When Eldred-Robbins was crowned Miss America, she was the third Miss Michigan to win. The next year, another ballet dancer, Cheryl Browne, Miss Iowa, became the first Black contestant at the Atlantic City pageant (up until 1940, Miss America had a rule that contestants must be white).

In 1969, legendary pageant emcee Bert Parks, who famously sang “There She Is, Miss America” for more than 20 years, asked the former Miss Michigan the “final question” before her victory. “What advice would you give your 14-year-old sister Melanie, and other young girls, about to enter the ‘now’ generation?” he said.

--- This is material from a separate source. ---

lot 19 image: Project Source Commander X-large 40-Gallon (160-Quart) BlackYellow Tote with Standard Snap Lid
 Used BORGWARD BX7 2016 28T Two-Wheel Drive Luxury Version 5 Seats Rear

Melanie had developmental delays and a learning disability which was usually not a public subject in the ’60s, says Levey Friedman, Eldred-Robbins’ daughter, a sociologist, Brown University professor and author of the 2020 book “Here She Is: The Complicated Reign of the Beauty Pageant in America.” “Well, unfortunately, my little sister Melanie is brain damaged, so I really couldn’t give her any information,” Eldred-Robbins told Parks at the pageant. “But I think a young girl entering the ‘now’ generation today, I’d just tell them to be themselves and enjoy life by being themselves.”

She worked as an advocate for the disability community in her Miss America reign and throughout her life.

It shocked people and got a big reaction,” Eldred-Robbins wrote of her pageant answer in the Newsweek essay. “I was then able to do work talking about people with learning disabilities during my time as Miss America.

For her Miss America year, she served as national spokeswoman for the March of Dimes. When Melanie died in 2008, she founded the Pam Eldred Community Health Scholarship through the Miss Michigan organization, which awards $2,000 to young women pursuing careers that impact the disability community.

When Eldred-Robbins was looking to get into pageants, she thought of the money she could win in order to help out her parents, who had to pay for support services for Melanie.

For Miss Detroit I earned $1,500 and when I won Miss Michigan I earned $2,500,” she wrote in Newsweek. “In the late ‘60s, that was a lot of money.

Miss America 1970 went on two USO tours during the Vietnam War. Because she was evacuated in the course of a live show, Eldred-Robbins received citations for courage under fire. She later said she could hear gunshots

Another memorable time from her year as national pageant queen was when Eldred-Robbins was a guest on “The Tonight Show Starring Johnny Carson” and Carson kissed her on the cheek. There had been a rule that Miss America was not allowed to be kissed. Eldred-Robbins wrote that Carson was aware of this, but did it, anyway.

He wasn’t objectifying me, he was just playing around,” she said. “My chaperone nearly had a fit. I do think not being kissed was a good idea though. Who wants to be kissed by everyone you meet?”

Following her Miss America reign, Eldred-Robbins studied speech and drama at Mercy College (now the University of Detroit Mercy). In 1976, she married Dr. Jules F. Levey and welcomed daughter Hilary Levey Friedman in 1980. She later divorced Levey and began working as a cosmetologist and electrologist, teaching modeling and judging dance competitions.

Eldred-Robbins, who also wrote for The Oakland Press, remarried in 1998 and lived with her husband, lawyer Norman Robbins, in West Bloomfield, Michigan and Boca Raton, Florida. He died in 2019.

Eldred-Robbins donated her body to the University of Michigan for anatomical research.

She is survived by her daughter, Hilary Levey Friedman, grandchildren Carston and Quenton Friedman, and son-in-law John Friedman.

In lieu of flowers, Eldred-Robbins’ family asks for donations to The Arc of Oakland County or the Pam Eldred Community Health Scholarship through the Miss Michigan organization; checks for the scholarship can be mailed to the Community Foundation for Muskegon County at 425 W. Western Ave #200; Muskegon, MI 49440.